▶ **Your assignment**: A verbatim reproduction of the lines below, from the line containing "Hunt Club Light" through the line containing "8pcs 9*17*17mm Two", both ends included, is the whole required output.

▶ **Material for the task**:
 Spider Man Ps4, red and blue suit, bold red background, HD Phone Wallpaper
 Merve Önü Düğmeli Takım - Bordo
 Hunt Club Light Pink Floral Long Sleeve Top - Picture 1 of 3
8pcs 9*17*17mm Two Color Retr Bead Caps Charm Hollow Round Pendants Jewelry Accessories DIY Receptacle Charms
* * *
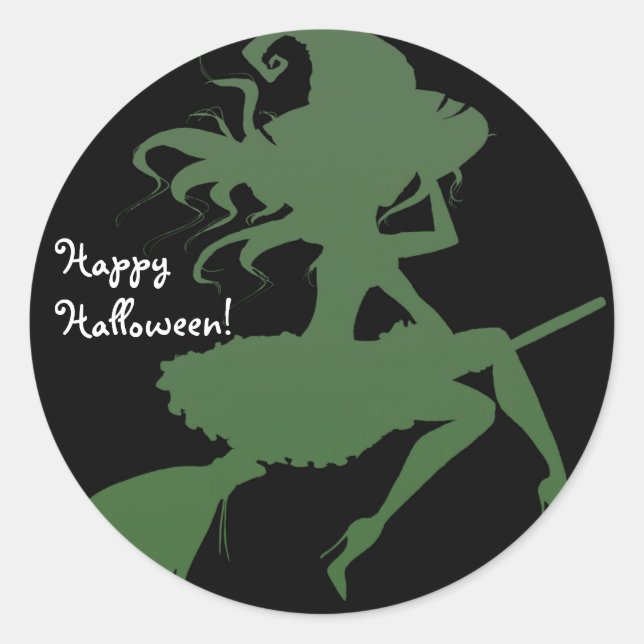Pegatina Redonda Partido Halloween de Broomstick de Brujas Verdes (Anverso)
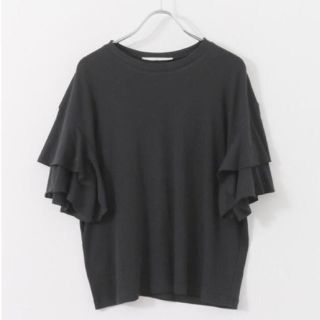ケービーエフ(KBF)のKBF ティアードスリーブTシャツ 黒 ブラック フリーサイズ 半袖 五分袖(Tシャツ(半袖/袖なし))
* * *
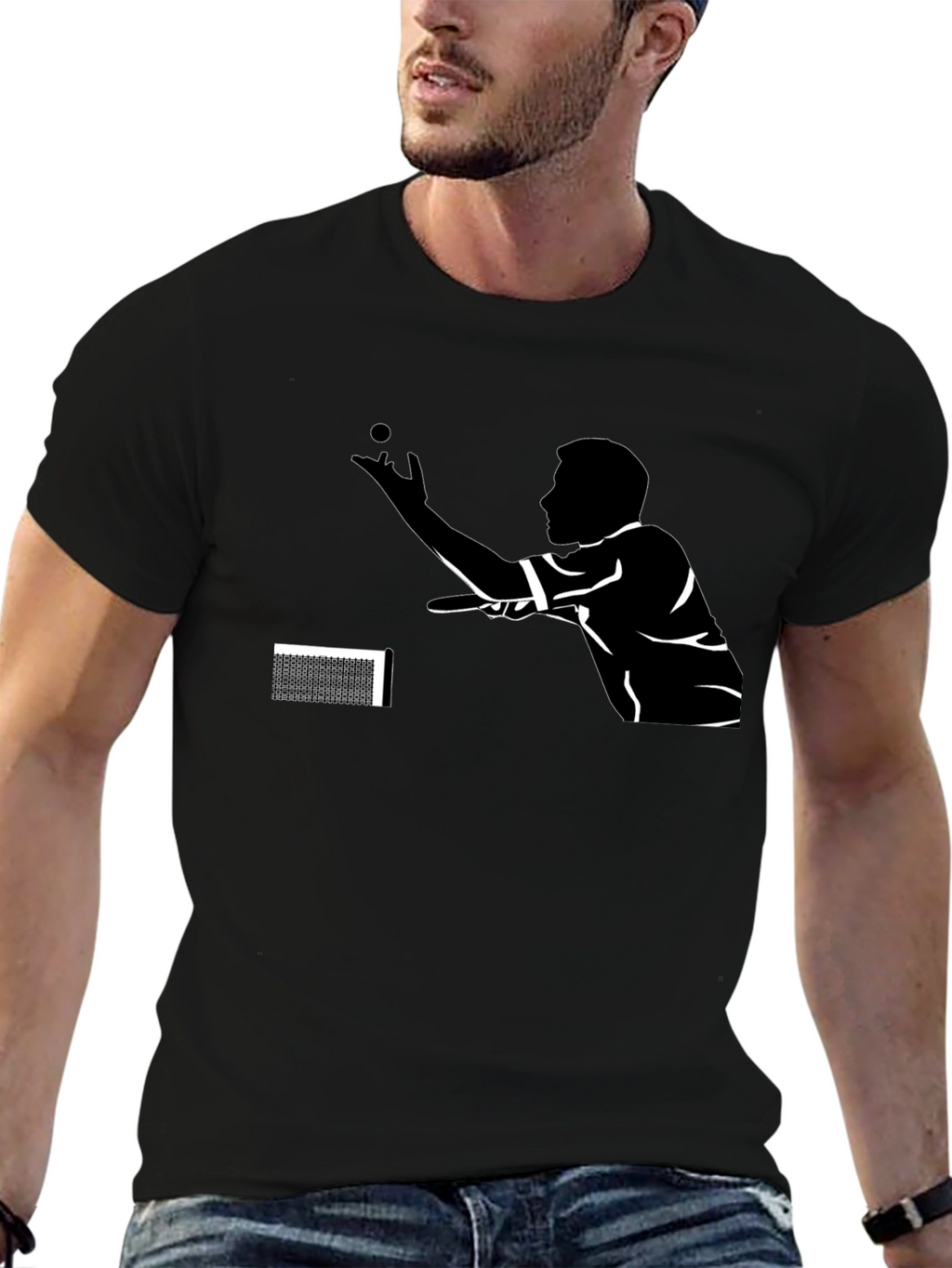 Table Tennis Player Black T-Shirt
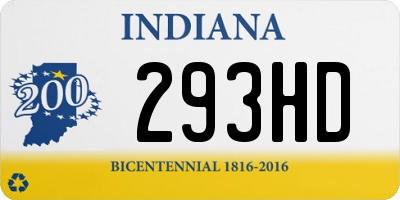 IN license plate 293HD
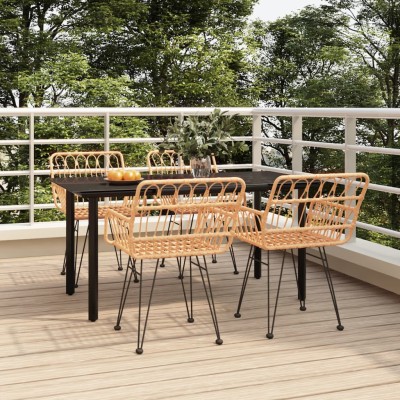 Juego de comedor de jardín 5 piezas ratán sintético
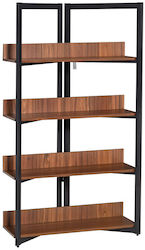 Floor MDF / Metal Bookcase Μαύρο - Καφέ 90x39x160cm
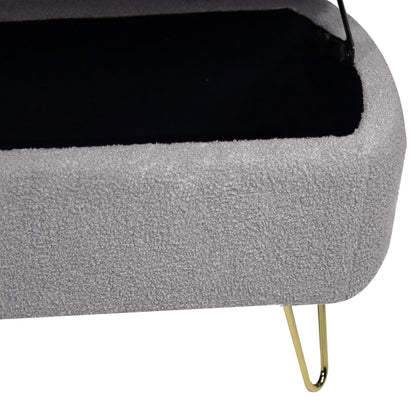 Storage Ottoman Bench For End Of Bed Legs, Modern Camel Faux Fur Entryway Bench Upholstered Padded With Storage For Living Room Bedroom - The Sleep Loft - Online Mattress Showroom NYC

▶ **Final answer**:
 Hunt Club Light Pink Floral Long Sleeve Top - Picture 1 of 3
8pcs 9*17*17mm Two Color Retr Bead Caps Charm Hollow Round Pendants Jewelry Accessories DIY Receptacle Charms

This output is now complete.